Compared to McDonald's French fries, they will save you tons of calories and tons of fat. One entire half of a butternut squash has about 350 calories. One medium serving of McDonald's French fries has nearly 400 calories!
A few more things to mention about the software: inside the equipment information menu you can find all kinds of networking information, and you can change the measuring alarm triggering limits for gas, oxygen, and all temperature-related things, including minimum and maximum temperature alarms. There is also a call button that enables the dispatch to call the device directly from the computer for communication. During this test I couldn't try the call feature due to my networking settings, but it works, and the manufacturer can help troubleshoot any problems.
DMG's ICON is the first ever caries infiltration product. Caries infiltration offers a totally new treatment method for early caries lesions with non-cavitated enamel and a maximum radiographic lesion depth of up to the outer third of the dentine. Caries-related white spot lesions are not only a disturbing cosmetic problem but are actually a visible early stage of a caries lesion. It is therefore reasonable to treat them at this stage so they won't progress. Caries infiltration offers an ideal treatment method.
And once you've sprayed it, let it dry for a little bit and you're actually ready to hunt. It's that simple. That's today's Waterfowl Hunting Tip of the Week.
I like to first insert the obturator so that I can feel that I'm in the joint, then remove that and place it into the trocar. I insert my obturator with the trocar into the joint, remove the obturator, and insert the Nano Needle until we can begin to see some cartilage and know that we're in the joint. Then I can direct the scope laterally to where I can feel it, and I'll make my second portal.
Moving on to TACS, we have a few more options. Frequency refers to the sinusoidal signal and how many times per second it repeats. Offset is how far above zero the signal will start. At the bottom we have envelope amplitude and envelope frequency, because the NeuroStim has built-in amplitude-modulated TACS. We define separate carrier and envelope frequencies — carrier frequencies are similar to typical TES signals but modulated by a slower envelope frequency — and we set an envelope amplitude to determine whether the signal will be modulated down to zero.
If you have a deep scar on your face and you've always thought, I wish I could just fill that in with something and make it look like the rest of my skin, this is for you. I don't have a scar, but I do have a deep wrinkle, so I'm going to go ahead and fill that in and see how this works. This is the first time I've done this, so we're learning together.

---

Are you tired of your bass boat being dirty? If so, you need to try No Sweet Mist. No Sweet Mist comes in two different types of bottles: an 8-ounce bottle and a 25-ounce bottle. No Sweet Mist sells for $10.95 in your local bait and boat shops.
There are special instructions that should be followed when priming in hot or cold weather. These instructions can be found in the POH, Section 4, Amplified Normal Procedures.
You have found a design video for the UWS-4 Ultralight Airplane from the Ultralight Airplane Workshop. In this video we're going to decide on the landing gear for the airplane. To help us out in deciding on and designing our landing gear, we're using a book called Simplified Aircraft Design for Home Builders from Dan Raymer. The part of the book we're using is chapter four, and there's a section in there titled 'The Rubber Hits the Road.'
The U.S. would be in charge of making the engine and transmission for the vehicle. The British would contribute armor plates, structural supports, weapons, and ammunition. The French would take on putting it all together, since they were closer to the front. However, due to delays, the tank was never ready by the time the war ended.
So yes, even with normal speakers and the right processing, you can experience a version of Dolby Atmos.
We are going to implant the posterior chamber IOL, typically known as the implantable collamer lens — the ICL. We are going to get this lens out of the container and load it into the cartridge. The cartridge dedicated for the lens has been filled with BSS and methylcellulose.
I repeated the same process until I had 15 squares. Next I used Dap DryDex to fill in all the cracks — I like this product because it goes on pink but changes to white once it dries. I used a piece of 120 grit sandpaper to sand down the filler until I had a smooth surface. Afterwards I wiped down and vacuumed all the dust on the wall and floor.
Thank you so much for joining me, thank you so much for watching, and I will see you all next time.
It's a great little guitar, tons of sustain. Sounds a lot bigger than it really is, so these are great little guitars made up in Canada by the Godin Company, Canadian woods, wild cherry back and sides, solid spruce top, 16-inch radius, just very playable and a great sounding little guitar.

==

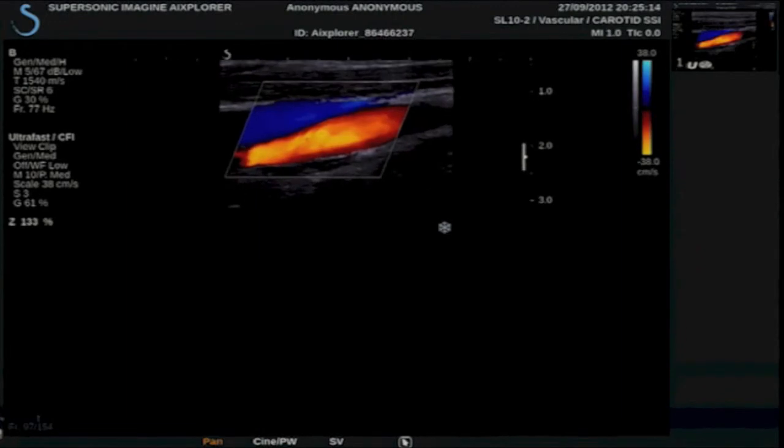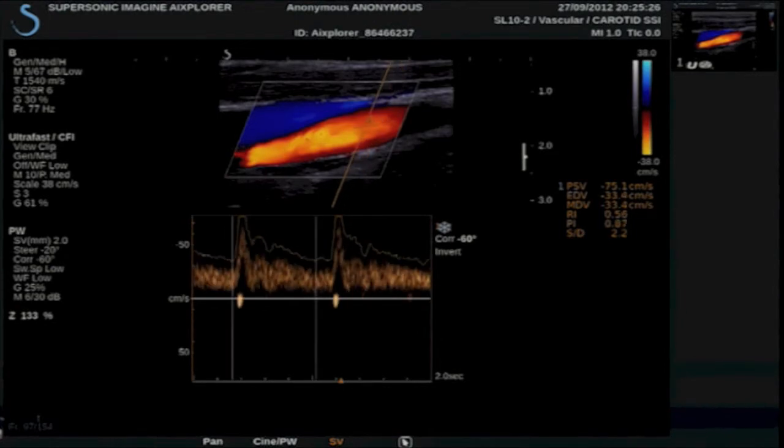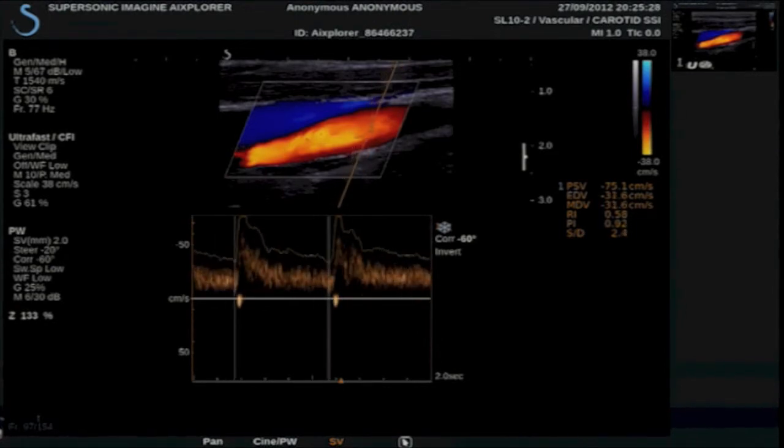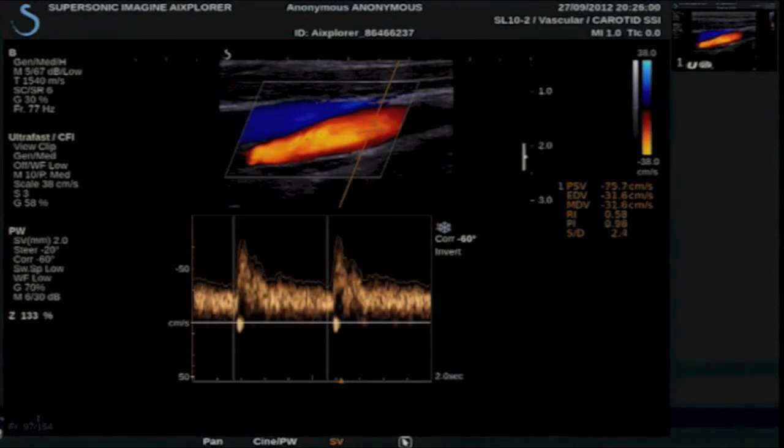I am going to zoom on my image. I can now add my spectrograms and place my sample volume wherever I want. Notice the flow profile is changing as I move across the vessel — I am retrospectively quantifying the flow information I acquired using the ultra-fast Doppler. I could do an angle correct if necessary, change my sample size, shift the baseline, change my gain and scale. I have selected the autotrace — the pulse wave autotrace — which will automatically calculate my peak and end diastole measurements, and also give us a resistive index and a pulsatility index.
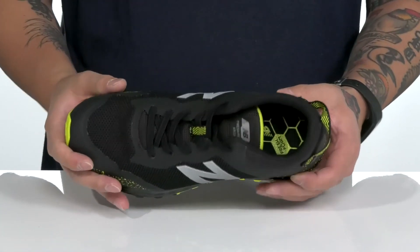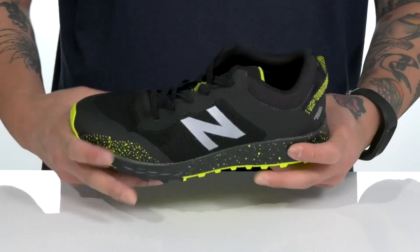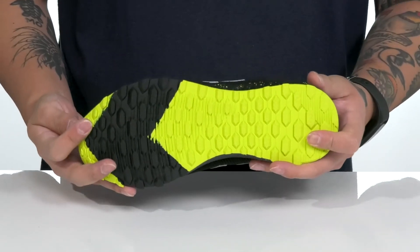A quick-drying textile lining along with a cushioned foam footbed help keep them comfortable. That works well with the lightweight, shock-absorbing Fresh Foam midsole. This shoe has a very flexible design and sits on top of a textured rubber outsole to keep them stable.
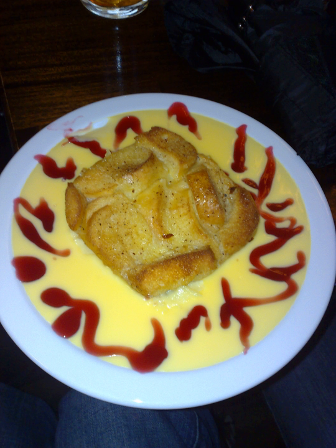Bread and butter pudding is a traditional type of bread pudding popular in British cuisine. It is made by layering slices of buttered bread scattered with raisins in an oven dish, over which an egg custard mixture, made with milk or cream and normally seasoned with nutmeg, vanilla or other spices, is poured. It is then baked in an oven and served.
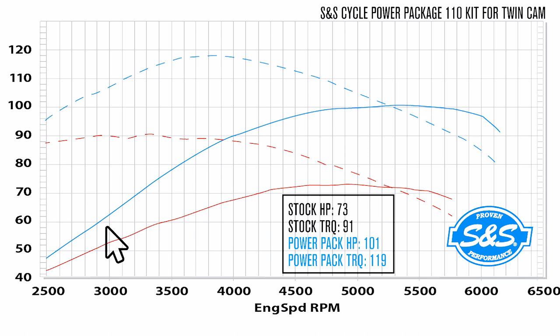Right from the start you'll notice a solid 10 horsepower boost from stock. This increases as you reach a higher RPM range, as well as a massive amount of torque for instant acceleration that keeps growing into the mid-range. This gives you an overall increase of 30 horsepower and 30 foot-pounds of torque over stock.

# PROBLEM TO WORK ON:
Report the number of lines above that hold "your", and leave out everything else.

# ANSWER BELOW:
2